What the consensus view is not pricing in: When it comes to oil prices, many focus on the Middle East. However, Russia may actually be the swing factor. In the last decade, Russia has unshackled itself from its post-Cold War funk and reasserted itself on the global stage in a major way: Ukraine’s annexation; critical backing for the Syrian and Iranian regimes which has tilted the balance of power in the Middle East; US general election interference in 2016; alleged assassination attempts of former spies, including in the UK; huge African investments, and thus influence. Much of this would have been unthinkable in 2010. At the start of 2020, a strategic attack on a missile bunker in the Baltics or similar is also unthinkable, but that is why it’s not priced in. The risk is also heightened as the US president will be under huge pressure in an election year to “rectify the sins” of Russian interference in 2016.

Potential market reaction:

  • Macro: Russia produced about 11.4 million barrels of oil per day in 2019, accounting for 11% of world output. Any actions that would result in an armed response by NATO against Russia would cause energy prices to skyrocket, with oil shooting up to $150. Instantly, headline inflation – long missing in most of the Western world – would shoot up, but it would be the unwelcome kind generated by a negative shock.
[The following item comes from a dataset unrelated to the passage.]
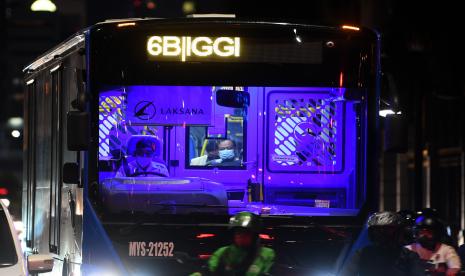 Penumpang menaiki Bus Transjakarta saat melintasi kawasan Pantung Arjuna Wiwaha, Jakarta. PT Transportasi Jakarta (Transjakarta) memperpanjang jam operasional armada bus, mulai tanggal 26 Januari -8 Februari 2021. Hal ini Sehubungan dengan Keputusan Gubernur (Kepgub) DKI Jakarta Nomor 51 Tahun 2021 tentang Perpanjangan Pemberlakukan, Jangka Waktu dan Pembatasan Aktivitas Luar Rumah Pembatasan Sosial Berskala Besar (PSBB).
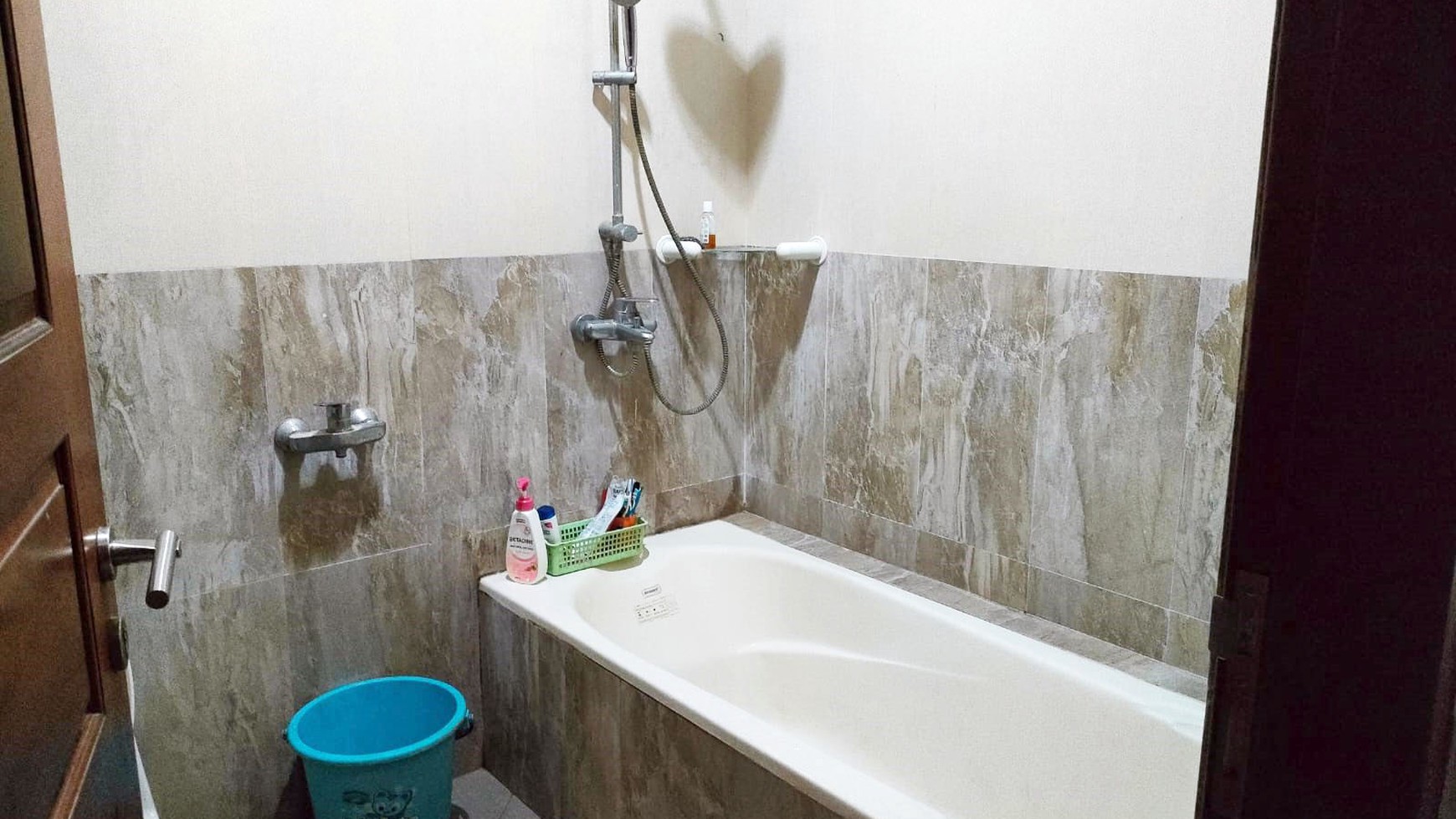 Rumah di Perum Juanda Regency Sidoarjo, 1.5 Lantai, Hook/Pojokan, Dekat Bandara, Siap Huni - RI -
  • Asset allocation: Risk-off sentiment would cause equities to sell-off, but bonds will be crushed by the inflation factor. In this environment, gold prices would go through the roof, crossing perhaps the all-time highs (i.e. in real terms) achieved in 1979 when Russia invaded Afghanistan.


Our positioning: We have all been dulled by the constant cacophony of geopolitics. Indeed, there is much evidence that it tends to be a red herring in terms of risk allocations, and thus best ignored for asset allocation purposes. However, it certainly impacts certain markets, such as commodities, if they’re directly in the line of fire (pun intended). We have a large allocation to gold particularly to help insulate portfolios somewhat in the event such “black swan” events.